Scharfmacher auf allen Seiten

In den letzten Tagen habe ich von befreundeten Christen in der Türkei gehört, dass in ihrer Stadt ein islamistischer Kongress gegen christliche Gemeinden und Missionare stattfindet. Auf dem Plakat (das inzwischen verboten, aber nicht vollständig abgehängt wurde) war eine Schlange mit Kreuz um den Hals abgebildet. Steinwürfe auf das Gemeindehaus und Drohungen gab es ohnehin schon. Und an die Morde von Malatya erinnert sich jeder noch gut – denen ging offenbar ähnliche Propaganda voraus.

Die Entrüstung über solche Vorgänge blieb mir allerdings fast im Halse stecken, als ich gestern in der Tageszeitung von einem „christlichen“ Hilfswerk las, dessen Leiter in einem Spendenbrief kritisierte, dass Türken die deutsche Staatsangehörigkeit bekommen, und unterstellte, dass in allen (!) Moscheen gegen Deutsch gehetzt und für den Terror trainiert werde.

In beiden Fällen – hier wie in der Türkei – sind nun die Behörden aktiv geworden.

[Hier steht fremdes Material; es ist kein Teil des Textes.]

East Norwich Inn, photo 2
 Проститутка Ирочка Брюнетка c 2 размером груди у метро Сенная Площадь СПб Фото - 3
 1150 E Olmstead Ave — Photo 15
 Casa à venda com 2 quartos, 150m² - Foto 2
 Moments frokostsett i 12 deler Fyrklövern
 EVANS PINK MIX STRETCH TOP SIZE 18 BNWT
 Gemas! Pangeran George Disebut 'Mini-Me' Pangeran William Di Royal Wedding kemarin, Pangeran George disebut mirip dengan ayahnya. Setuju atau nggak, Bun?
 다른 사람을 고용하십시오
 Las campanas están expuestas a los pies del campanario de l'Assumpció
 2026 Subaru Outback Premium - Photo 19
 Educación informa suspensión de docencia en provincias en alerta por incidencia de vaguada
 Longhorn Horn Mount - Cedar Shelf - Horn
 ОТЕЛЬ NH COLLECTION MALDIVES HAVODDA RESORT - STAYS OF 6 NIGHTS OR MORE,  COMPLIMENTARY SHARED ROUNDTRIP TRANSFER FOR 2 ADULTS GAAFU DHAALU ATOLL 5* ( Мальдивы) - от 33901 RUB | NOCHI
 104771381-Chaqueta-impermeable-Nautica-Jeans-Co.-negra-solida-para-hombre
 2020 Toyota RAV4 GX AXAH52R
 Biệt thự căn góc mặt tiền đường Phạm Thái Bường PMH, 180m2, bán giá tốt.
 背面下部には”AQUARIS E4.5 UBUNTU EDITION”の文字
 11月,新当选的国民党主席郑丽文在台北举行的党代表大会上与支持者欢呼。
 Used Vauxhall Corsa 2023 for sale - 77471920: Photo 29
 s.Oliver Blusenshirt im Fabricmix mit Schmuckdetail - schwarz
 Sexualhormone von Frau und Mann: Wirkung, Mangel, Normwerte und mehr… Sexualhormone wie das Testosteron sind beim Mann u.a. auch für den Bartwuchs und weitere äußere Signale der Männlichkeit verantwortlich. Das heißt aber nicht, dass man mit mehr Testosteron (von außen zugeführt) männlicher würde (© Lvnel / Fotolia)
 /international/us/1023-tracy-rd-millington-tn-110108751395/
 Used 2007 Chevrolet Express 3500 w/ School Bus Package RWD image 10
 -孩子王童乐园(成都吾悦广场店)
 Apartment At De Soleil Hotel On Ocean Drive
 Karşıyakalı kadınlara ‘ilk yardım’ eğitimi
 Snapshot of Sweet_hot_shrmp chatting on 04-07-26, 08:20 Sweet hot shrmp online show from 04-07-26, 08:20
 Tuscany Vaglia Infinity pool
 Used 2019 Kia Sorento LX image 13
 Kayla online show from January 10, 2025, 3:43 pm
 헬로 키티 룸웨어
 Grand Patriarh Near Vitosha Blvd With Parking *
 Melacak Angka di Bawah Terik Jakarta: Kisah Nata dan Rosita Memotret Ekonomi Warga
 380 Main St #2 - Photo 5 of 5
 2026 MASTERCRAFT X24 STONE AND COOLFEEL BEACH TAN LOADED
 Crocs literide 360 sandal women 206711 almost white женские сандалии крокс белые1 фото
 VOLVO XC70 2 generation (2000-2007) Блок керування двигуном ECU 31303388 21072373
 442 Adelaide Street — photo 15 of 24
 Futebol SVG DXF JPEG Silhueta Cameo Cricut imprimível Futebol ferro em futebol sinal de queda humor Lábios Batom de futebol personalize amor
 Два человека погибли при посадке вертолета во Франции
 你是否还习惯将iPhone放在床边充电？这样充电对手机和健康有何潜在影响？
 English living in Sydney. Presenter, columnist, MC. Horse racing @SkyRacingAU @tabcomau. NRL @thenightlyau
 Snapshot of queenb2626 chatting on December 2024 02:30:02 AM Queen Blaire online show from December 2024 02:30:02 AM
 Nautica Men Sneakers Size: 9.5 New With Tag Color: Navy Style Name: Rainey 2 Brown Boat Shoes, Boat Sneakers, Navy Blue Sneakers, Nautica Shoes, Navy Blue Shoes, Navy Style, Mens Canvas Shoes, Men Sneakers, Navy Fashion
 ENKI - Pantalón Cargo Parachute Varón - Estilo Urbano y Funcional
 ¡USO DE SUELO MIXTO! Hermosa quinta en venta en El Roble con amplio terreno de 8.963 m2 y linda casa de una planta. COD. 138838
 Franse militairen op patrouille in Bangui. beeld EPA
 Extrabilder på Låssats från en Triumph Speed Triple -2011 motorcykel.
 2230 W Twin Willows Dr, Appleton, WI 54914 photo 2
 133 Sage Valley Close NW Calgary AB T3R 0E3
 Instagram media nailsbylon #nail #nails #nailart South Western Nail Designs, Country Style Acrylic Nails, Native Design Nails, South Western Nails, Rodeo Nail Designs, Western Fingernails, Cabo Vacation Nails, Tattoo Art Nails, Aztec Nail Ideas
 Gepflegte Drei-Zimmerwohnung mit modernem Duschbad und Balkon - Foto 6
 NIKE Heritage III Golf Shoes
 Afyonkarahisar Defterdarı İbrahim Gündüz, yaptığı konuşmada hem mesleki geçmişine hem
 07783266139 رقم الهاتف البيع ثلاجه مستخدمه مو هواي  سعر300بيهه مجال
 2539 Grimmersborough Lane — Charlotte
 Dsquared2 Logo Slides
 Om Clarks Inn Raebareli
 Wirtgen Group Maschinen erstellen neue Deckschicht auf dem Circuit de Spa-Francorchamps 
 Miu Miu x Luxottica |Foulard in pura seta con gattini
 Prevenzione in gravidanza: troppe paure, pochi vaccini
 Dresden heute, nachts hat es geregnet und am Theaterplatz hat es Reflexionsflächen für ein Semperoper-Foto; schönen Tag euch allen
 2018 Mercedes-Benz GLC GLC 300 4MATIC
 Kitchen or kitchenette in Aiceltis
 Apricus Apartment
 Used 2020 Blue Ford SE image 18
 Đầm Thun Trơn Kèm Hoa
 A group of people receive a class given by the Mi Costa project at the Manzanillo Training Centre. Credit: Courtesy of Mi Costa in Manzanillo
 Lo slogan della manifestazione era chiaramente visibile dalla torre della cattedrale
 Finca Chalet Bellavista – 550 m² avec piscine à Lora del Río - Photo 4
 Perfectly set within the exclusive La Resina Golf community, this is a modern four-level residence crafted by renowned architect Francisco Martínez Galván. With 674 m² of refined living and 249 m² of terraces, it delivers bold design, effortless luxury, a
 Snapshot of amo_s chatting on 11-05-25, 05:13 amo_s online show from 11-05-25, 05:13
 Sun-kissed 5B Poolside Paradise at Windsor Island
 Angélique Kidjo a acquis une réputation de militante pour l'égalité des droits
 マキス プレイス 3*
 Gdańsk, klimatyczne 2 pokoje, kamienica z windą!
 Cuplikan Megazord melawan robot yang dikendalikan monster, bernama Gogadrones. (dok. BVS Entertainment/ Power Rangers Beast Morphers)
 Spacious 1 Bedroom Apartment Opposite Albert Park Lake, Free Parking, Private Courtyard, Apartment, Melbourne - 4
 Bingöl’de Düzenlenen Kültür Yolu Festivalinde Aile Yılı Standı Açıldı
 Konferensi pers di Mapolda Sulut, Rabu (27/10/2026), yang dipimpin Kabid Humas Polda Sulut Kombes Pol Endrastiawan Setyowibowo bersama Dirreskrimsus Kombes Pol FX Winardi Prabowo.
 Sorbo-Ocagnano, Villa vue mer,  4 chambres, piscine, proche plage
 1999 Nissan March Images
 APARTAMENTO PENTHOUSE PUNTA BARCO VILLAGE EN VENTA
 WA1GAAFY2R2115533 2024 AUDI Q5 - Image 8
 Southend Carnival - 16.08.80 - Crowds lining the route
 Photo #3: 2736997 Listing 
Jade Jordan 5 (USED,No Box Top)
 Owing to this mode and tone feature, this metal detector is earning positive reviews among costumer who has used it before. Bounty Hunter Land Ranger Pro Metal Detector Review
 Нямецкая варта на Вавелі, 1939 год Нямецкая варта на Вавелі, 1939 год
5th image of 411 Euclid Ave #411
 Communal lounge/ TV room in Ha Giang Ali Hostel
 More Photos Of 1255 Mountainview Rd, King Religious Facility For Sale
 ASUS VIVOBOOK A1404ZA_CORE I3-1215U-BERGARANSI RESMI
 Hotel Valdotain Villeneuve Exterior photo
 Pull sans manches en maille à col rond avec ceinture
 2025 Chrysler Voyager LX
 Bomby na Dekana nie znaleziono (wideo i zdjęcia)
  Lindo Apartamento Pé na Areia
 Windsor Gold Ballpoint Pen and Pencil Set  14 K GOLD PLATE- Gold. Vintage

Das ist gut zu wissen. Beunruhigend bleibt die Tatsache, dass es überall Scharfmacher gibt, und dass wohl auch im konservativen Christentum die Abgrenzungen am rechten Rand viel zu spät und viel zu lasch erfolgen. Wir können es uns gerade im Blick auch Christen in islamischen Ländern nicht leisten, dass der Unterschied zwischen den Parolen von Rechtsradikalen und einem „christlichen Missionswerk“ nicht mehr erkennbar ist. Wir können es uns – zumal als Nachfolger des Friedefürsten – auch nicht leisten, die Taten der Extremisten auf der einen Seite als Rechtfertigung für pauschale Verdächtigungen und Panikmache auf den anderen heranzuziehen.